Here, a and b are co-prime numbers.

Now!

Squaring on both sides.

${( \sqrt{3} \: + \: \sqrt{5}) }^{2}$ = ${( \dfrac{a}{b}) }^{2}$

As we know that

(a + b)² = a² + 2ab + b²

3 + 2 $\sqrt{15}$ + 5 = ${( \dfrac{a}{b}) }^{2}$

8 + 2 $\sqrt{15}$ = ${( \dfrac{a}{b}) }^{2}$

2 $\sqrt{15}$ = $\dfrac{ {a}^{2} \: - \: 8 {b}^{2} }{ {b}^{2} }$

$\sqrt{15}$ = $(\dfrac{1}{2})$ $(\dfrac{ {a}^{2} \: - \: 8 {b}^{2} }{ {b}^{2} } )$

$(\dfrac{1}{2})$ $(\dfrac{ {a}^{2} \: - \: 8 {b}^{2} }{ {b}^{2} } )$ is a rational number.

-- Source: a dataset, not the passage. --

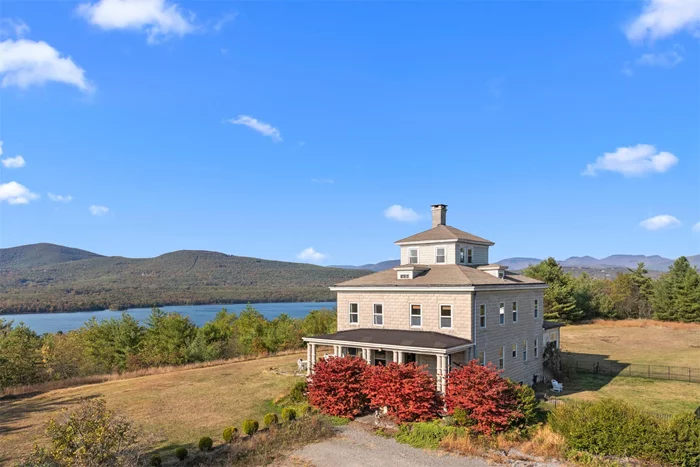 Perched atop a picturesque hill with breathtaking views of the Ashokan Reservoir and Catskill Mountains, Baker Manor is a distinguished estate that embodies both historic grandeur and contemporary comfort. Built in 1918 by J. Waldo Smith, the chief engineer of the Ashokan Reservoir project, this remarkable Neo-Classic stone mansion was masterfully constructed using locally sourced cement blocksâ€”the very same material used in the creation of the Olivebridge Dam. Designed for enduring strength and beauty, the home&rsquo;s exterior walls feature a striking pattern crafted from three distinct molds, a testament to the craftsmanship of its time.This distinguished estate, once home to acclaimed actor Chevy Chase, spans 9.10 picturesque acres, offering unparalleled privacy and room to explore. The grand 3, 500-square-foot residence boasts five bedrooms and three bathrooms, seamlessly blending timeless elegance with modern conveniences. The home&rsquo;s stately faÃ§ade, adorned with majestic columns and an inviting porch, exudes an air of sophistication.Inside, original red oak moldings, hardwood floors, and soaring ceilings create a warm and refined ambiance. The formal living room, anchored by a classic brick fireplace, serves as the heart of the homeâ€”an ideal space for relaxation and entertaining. Oversized windows bathe the interiors in natural light, while French doors open onto a stone patio, where sweeping mountain and reservoir views take center stage.The chef&rsquo;s kitchen is both charming and functional, featuring a farmhouse sink, stainless steel appliances, a spacious island, and abundant cabinetry. It seamlessly flows into the formal dining room, where original pocket doors provide an elegant transition into the living area.The grand staircase leads to a luminous primary suite, a private retreat and ensuite bath. A vintage clawfoot tub, perfectly positioned to capture the stunning views, serves as the focal point. The additional four bedrooms each retain their early 20th-century charm while offering modern comfort.At the pinnacle of the home, the third-floor cupola boasts windows on all sides, offering an awe-inspiring perspective of the surrounding landscape. The carriage house offers exceptional versatility, serving as an ideal guest retreat, rental opportunity, or creative space. Thoughtfully designed with a blend of historic charm and modern updates, this secondary residence enhances the estate&rsquo;s appeal. Many original details have been carefully preserved, while contemporary conveniences ensure comfort and functionality.Step inside to a cozy living room, where a brick fireplace radiates warmth and character. The adjacent dining area, framed by elegant French doors, opens to a whimsical deck, perfect for savoring your morning coffee amidst the peaceful surroundings.The charming kitchen is a delight, featuring a vintage-inspired retro stove, stainless steel appliances, a coffee bar, and a pantry for ample storage. Three well-appointed bedrooms on the main floor each offer a tranquil retreat, blending classic design with modern comfort.Upstairs, a spacious great room provides endless possibilitiesâ€”yoga studio, art space, or additional lounge area.Outside, the expansive landscape is designed for relaxation and enjoyment. Serene patios, a soothing hot tub, and lush greenery create a private oasis, inviting you to unwind and reconnect with nature. A luxurious in-ground saltwater pool is perfectly positioned to take full advantage of the breathtaking mountain views, creating an idyllic space for relaxation.Located just two hours from New York City, Baker Manor offers the perfect balance of privacy and accessibility. From fine dining and cultural attractions to hiking, skiing, and outdoor adventures, the best of the Catskills is just minutes away.Baker Manor is more than a homeâ€”it&rsquo;s a legacy. Experience the unparalleled beauty and history of this once-in-a-lifetime Catskills estate.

$\underline{So, \:\sqrt{15} \: is\: also\: a \:rational \:number.}$

$\underline{But \:as\: we \:know\: that \:\sqrt{15} \: is \:irrational\: number.}$

$\underline{So,\: our\: whole\: assumption \:is \:wrong.}$

$\bold{ \sqrt{3} \: + \: \sqrt{5} \: is \: irrational \: number }$

$\boxed{Hence,\:proofed}$